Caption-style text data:
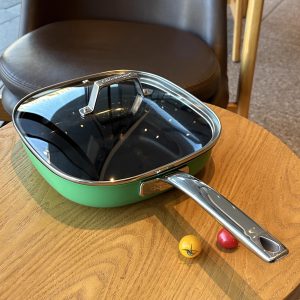 Chảo vuông chống dính gốm FRUTO sắc màu 24.5cm Chockmen - C500 Chao vuong chong dinh gom FRUTO sac mau 24.5cm Chockmen C500 5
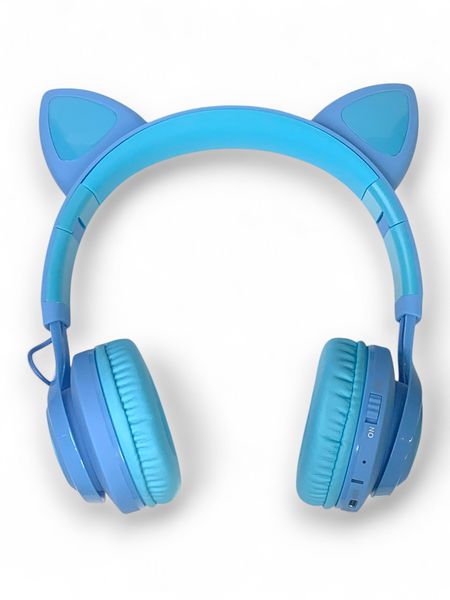 Wireless Cat Ear Headphones - Bluetooth Gaming Headset with Lights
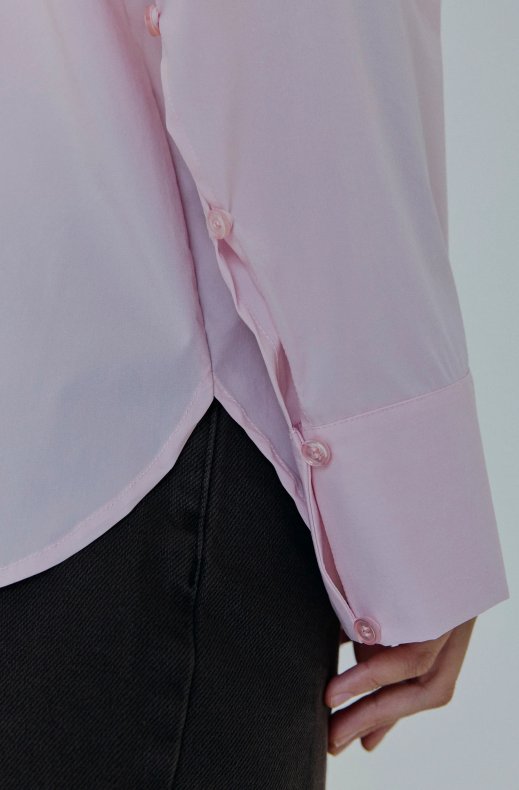 Norr - Betty Button Shirt - Light Pink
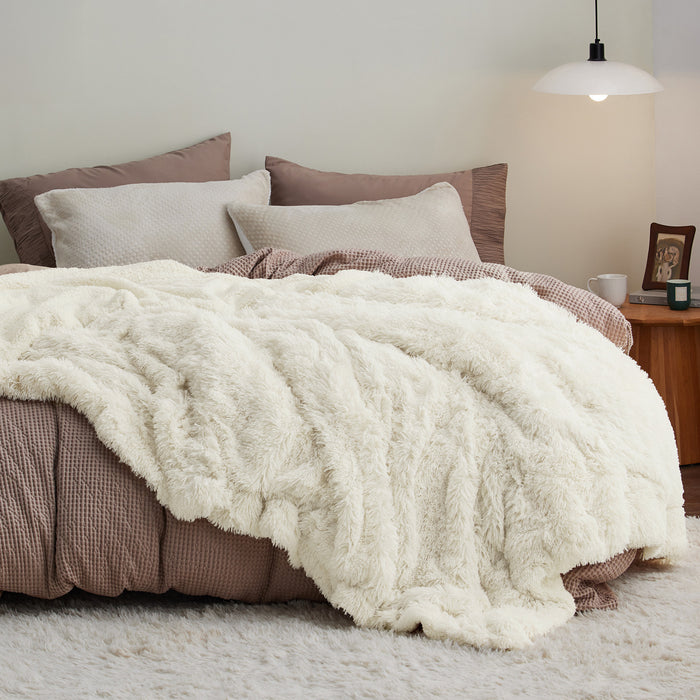 Fuzzy Faux Fur Blanket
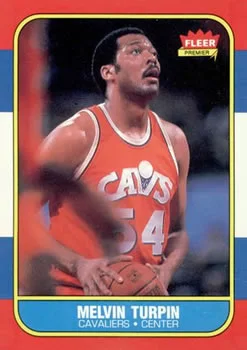 1986-87 Fleer Mel Turpin #116 card image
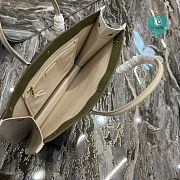 YSL Rive Gauche Tote Bag In Green 48x36x16cm - 5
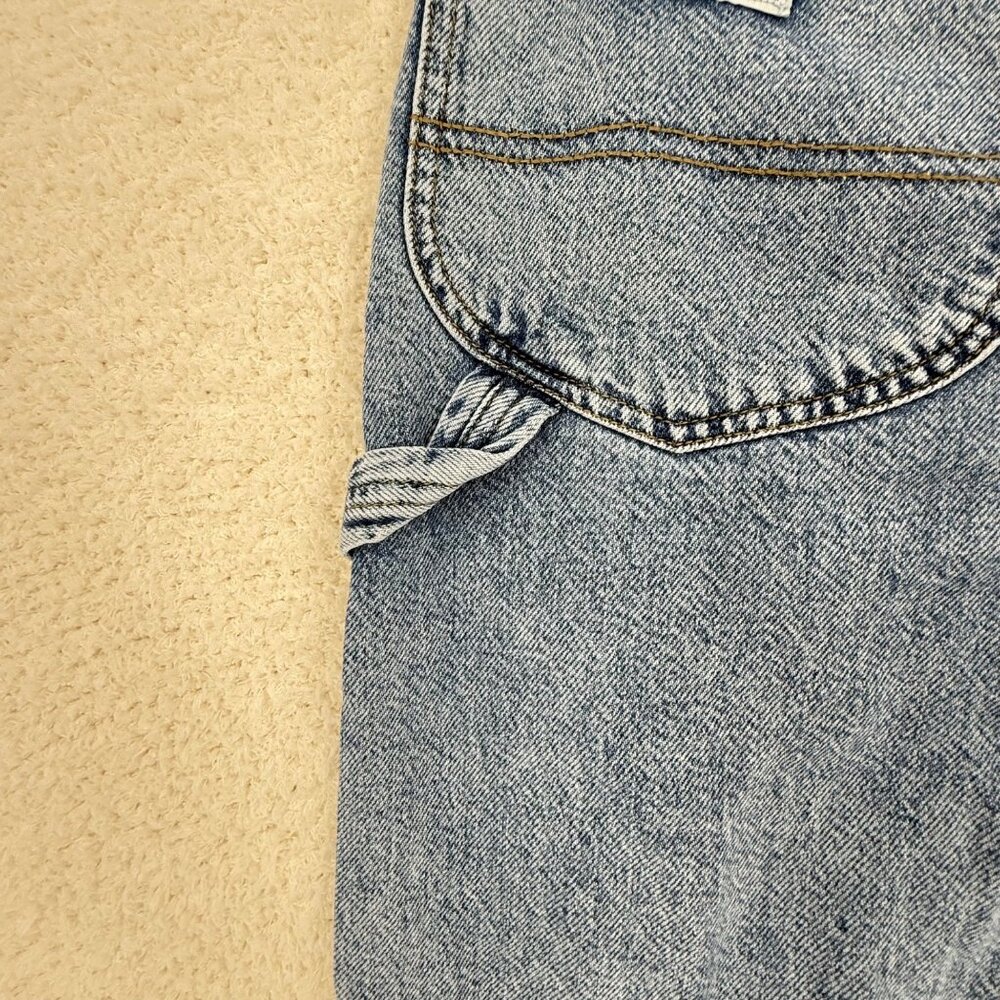 Vintage Lee Workwear Womens Wide-Leg Denim Jeans, Size 30, High-Waist Relax Fit - Picture 7 of 10
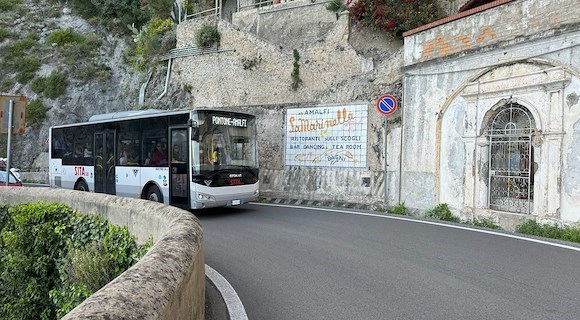 “Giro di Campania U23 - Coppa Zinzi”: in Costa d'Amalfi chiusure stradali e corse Sita Sud sospese dalle 14 alle 18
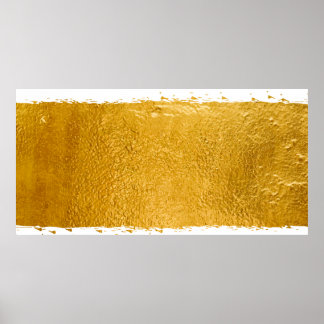 Gold Paint Design: Luxurious and Artistic Metallic Poster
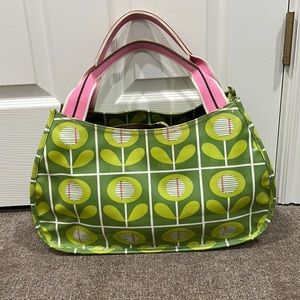 Orla Kiely purse tote used great condition VINYL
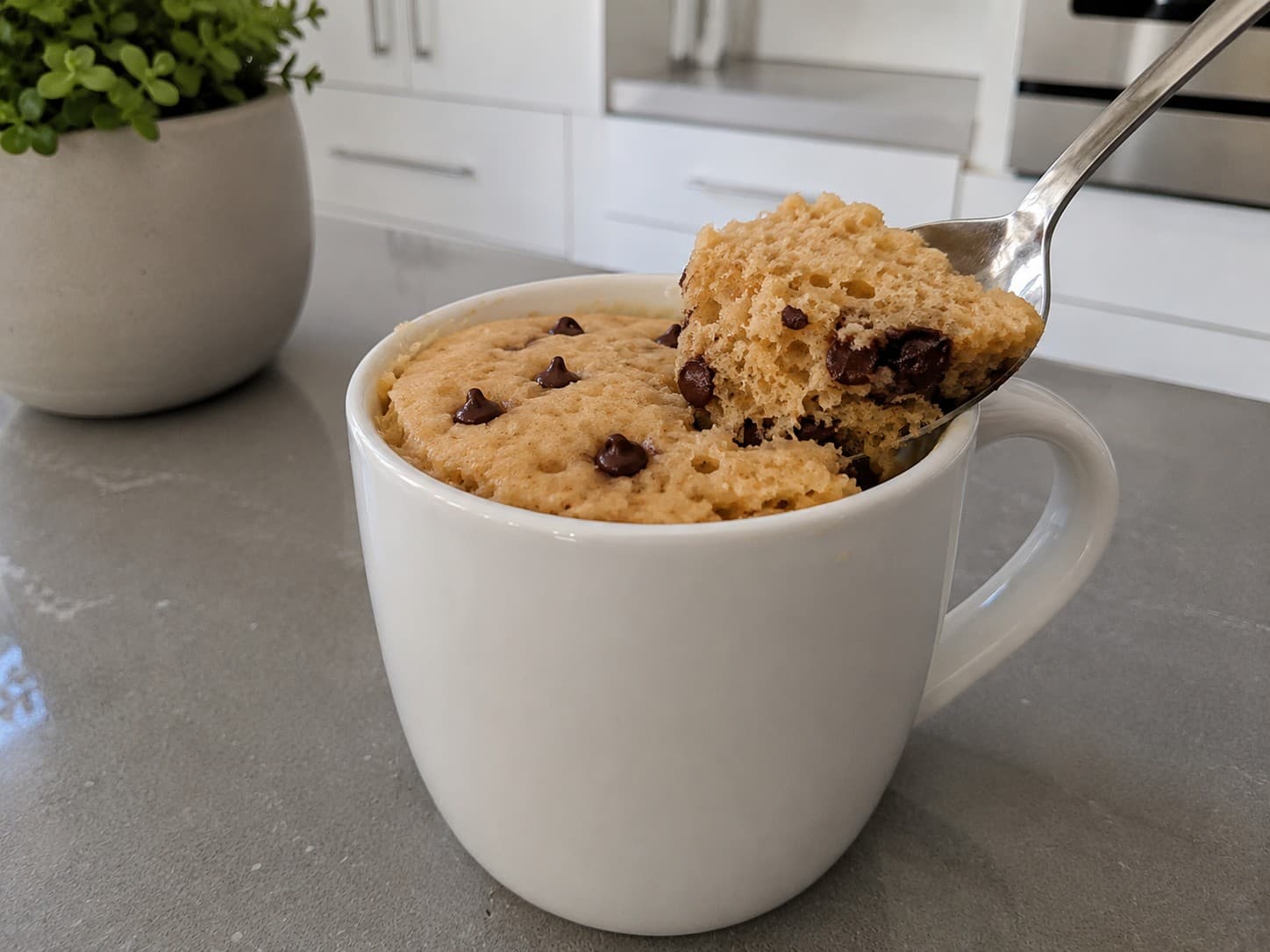 Mug Cake de Mantequilla de Maní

Task to carry out – From the first line to the last, write out the data exactly, dropping any pictures.

Solved problem –
 Chảo vuông chống dính gốm FRUTO sắc màu 24.5cm Chockmen - C500 Chao vuong chong dinh gom FRUTO sac mau 24.5cm Chockmen C500 5
 Wireless Cat Ear Headphones - Bluetooth Gaming Headset with Lights
 Norr - Betty Button Shirt - Light Pink
 Fuzzy Faux Fur Blanket
 1986-87 Fleer Mel Turpin #116 card image
 YSL Rive Gauche Tote Bag In Green 48x36x16cm - 5
 Vintage Lee Workwear Womens Wide-Leg Denim Jeans, Size 30, High-Waist Relax Fit - Picture 7 of 10
 “Giro di Campania U23 - Coppa Zinzi”: in Costa d'Amalfi chiusure stradali e corse Sita Sud sospese dalle 14 alle 18
 Gold Paint Design: Luxurious and Artistic Metallic Poster
 Orla Kiely purse tote used great condition VINYL
 Mug Cake de Mantequilla de Maní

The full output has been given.